> _Exercise_
Print the lines below from the line with "Used 2021 Jeep" to the line with "Skull Cashmere• Tyrone" exactly, keeping both ends, and print no pictures.

> _Records to process_
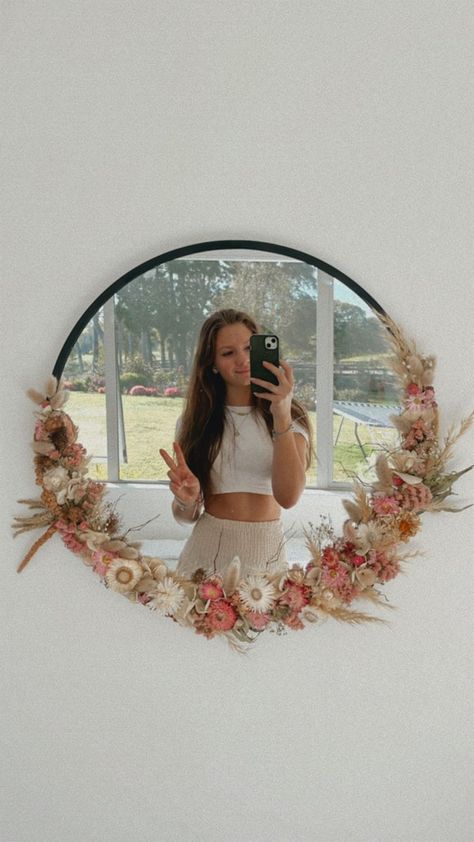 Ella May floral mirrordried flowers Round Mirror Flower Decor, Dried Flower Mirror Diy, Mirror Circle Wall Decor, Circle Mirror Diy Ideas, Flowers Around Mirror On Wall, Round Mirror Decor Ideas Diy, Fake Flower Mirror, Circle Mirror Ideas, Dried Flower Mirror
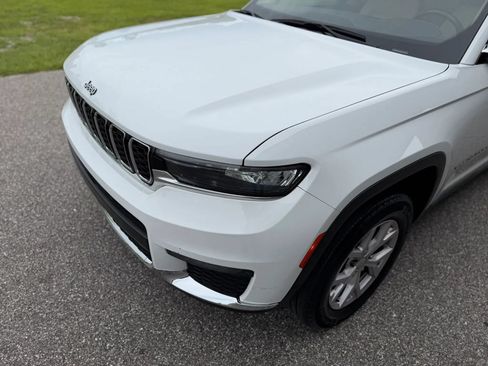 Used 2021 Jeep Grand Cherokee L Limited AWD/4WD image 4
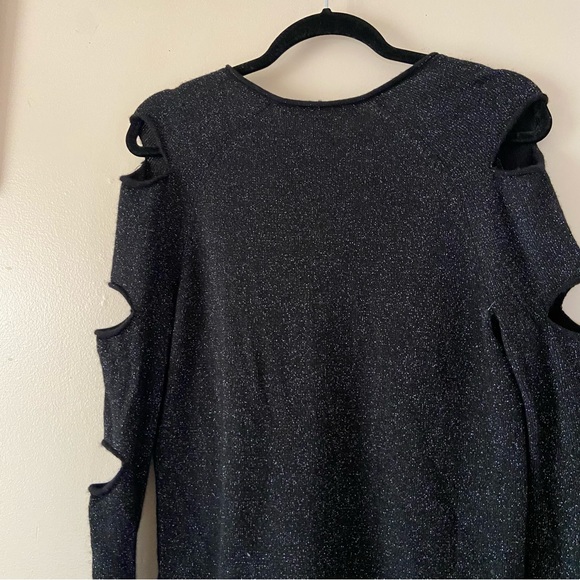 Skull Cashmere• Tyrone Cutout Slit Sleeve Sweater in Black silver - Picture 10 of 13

--

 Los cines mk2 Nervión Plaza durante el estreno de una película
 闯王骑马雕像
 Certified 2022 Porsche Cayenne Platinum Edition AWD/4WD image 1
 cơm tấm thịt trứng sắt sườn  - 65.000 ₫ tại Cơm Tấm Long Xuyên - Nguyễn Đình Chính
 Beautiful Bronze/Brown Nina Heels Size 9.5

> _Answer to this task_
 Used 2021 Jeep Grand Cherokee L Limited AWD/4WD image 4
 Skull Cashmere• Tyrone Cutout Slit Sleeve Sweater in Black silver - Picture 10 of 13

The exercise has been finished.